An often-claimed "fact" is that operators or maintenance workers cause 70–90% of accidents. It is certainly true that operators are blamed for 70–90%. Are we limiting what we learn from accident investigations by limiting the scope of the inquiry? By applying systems thinking to process safety, we may enhance what we learn from accidents and incidents and, in the long run, prevent more of them.
Systems thinking is an approach to problem solving that suggests the behavior of a system's components only can be understood by examining the context in which that behavior occurs. Viewing operator behavior in isolation from the surrounding system prevents full understanding of why an accident occurred — and thus the opportunity to learn from it.

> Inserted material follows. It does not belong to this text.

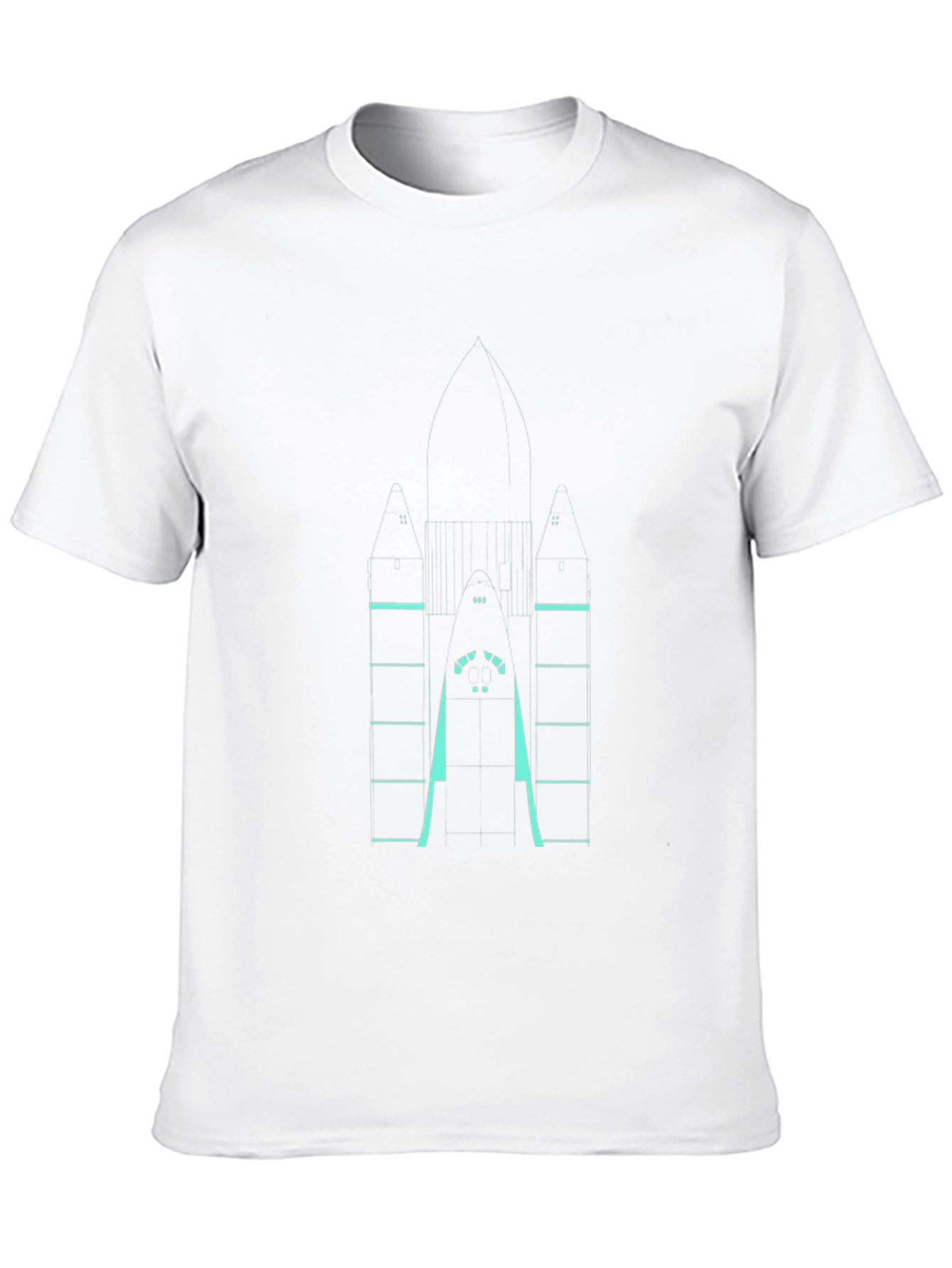 Rocket Blueprint T-Shirt - Sci-Fi Style Tee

We do not want to depend upon simply learning from the past to improve safety. Yet learning as much as possible from adverse events is an important tool in the safety engineering tool kit. Unfortunately, too narrow a perspective in accident and incident investigation often destroys the opportunity to improve and learn. At times, some causes are identified but not recorded because of filtering and subjectivity in accident reports, frequently for reasons involving organizational politics. In other cases, the fault lies in our approach to pinpointing causes, including root cause seduction and oversimplification, focusing on blame, and hindsight bias.
ROOT CAUSE SEDUCTION AND OVERSIMPLIFICATION
Assuming that accidents have a root cause gives us an illusion of control. Usually the investigation focuses on operator error or technical failures, while ignoring flawed management decision-making, safety culture problems, regulatory deficiencies, and so on. In most major accidents, all these factors contribute; so to prevent accidents in the future requires all to be identified and addressed. Management and systemic causal factors, for example, pressures to increase productivity, are perhaps the most important to fix in terms of preventing future accidents — but these are also the most likely to be left out of accident reports.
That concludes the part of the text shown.